If President Obama had a son, he would look like Trayvon Martin. And the president's son would thereby find himself at significantly greater risk of running afoul of the so-called "war on drugs" than, say, a son of George W. Bush. A Trayvon Obama might be 57 times more likely than a Trayvon Bush to be imprisoned on drug charges.
This is not because he would be 57 times more likely to commit a drug crime. To the contrary, white men commit the vast majority of the nation's drug crimes. But black men do the vast majority of the nation's drug time.
So it is difficult to be anything but disappointed at Obama's recent declaration in Colombia that "legalization is not the answer" to the international drug problem. The president argued that drug dealers might come to "dominate certain countries if they were allowed to operate legally," which "could be just as corrupting, if not more corrupting, than the status quo."
One wonders if the president forgot to engage brain before operating mouth. Dealers might "dominate certain countries"? Has Obama never heard of Mexico, that country on our southern border where drug dealers operate as a virtual shadow government in some areas? Is he unfamiliar with Colombia, his host nation, where the government battled a drug cartel brutal and brazen enough to attack the Supreme Court and assassinate the attorney general? The scenario Obama warns against actually came to pass long ago.
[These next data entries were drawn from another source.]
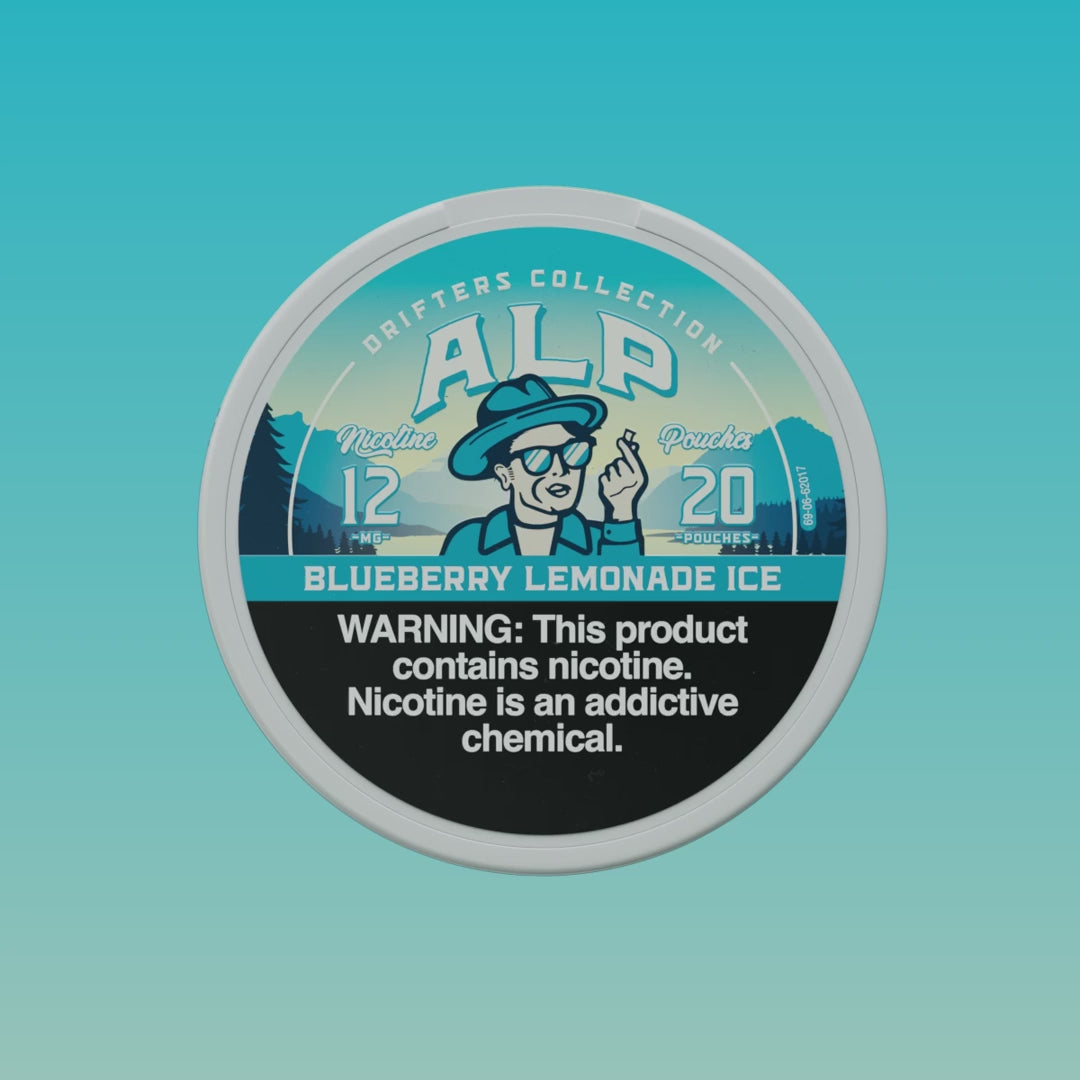 Blueberry Lemonade ICE - ALP Nicotine Pouches - 20ct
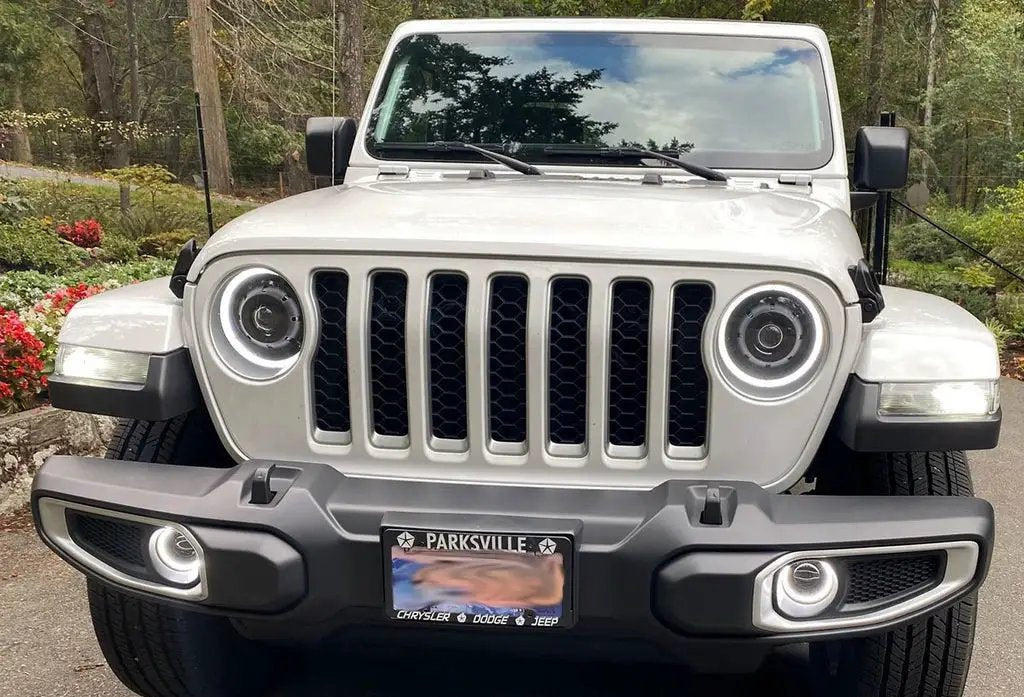 Oracle Lighting Featuring powerful 20W LEDs and distinctive white halos, these fog lights enhance visibility and add a stylish touch to your vehicle. Engineered for durability and easy installation. by Oracle Lighting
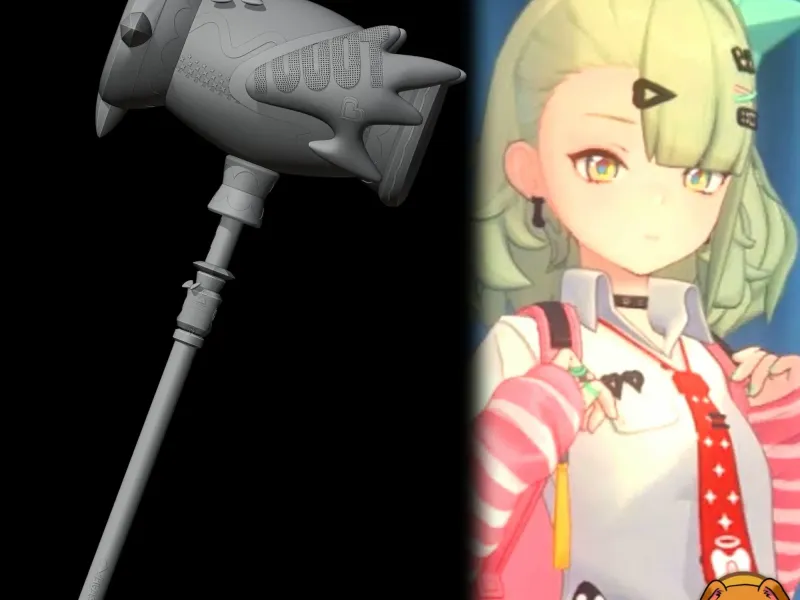 Chinatsu Remiel - Hammer - Zenless Zone Zero Cosplay Prop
Similarly, it is a mystery how the manufacture and sale of a legal product could be "just as corrupting, if not more corrupting, than the status quo." How could that be, given that there would no longer be a need for drug merchants to bribe judges, politicians, and police for protection? What reason is there to believe a legal market in drugs would be any more prone to corruption than the legal markets in cigarettes and alcohol? Or popcorn and chocolate?
The president's reasoning is about as sturdy as a cardboard box in a monsoon. Even he must know that the drug war has failed. Several numbers quantify that failure:
41: That's how many years the "war" has raged.
40 million-plus: That's how many Americans have been arrested.
$1 trillion-plus: That's the cost.
2,800 percent: That's how much drug use has risen.
1.3 percent: That's the share of Americans who were drug-addicted in 1914.
1.3 percent: That's the share of Americans who are drug-addicted now.
These numbers came from Law Enforcement Against Prohibition, a group of cops, judges, Drug Enforcement Administration agents and other drug warriors who are demanding an end to the drug war. They call to mind an old axiom: The definition of crazy is to continue doing the same thing but expecting a different result.
That said, it is not difficult to understand why the president — or anyone — might flinch at the notion of legalizing drugs. It is a big, revolutionary idea, an idea that would change the way things have been done since forever. If someone feels a need to pause before crossing that line, that's understandable.
But let none of us do as the president did: hide behind a specious argument that offers no solution, no way forward, and, most critically, no leadership.
Drug legalization is not the answer? OK, Mr. President, fair enough.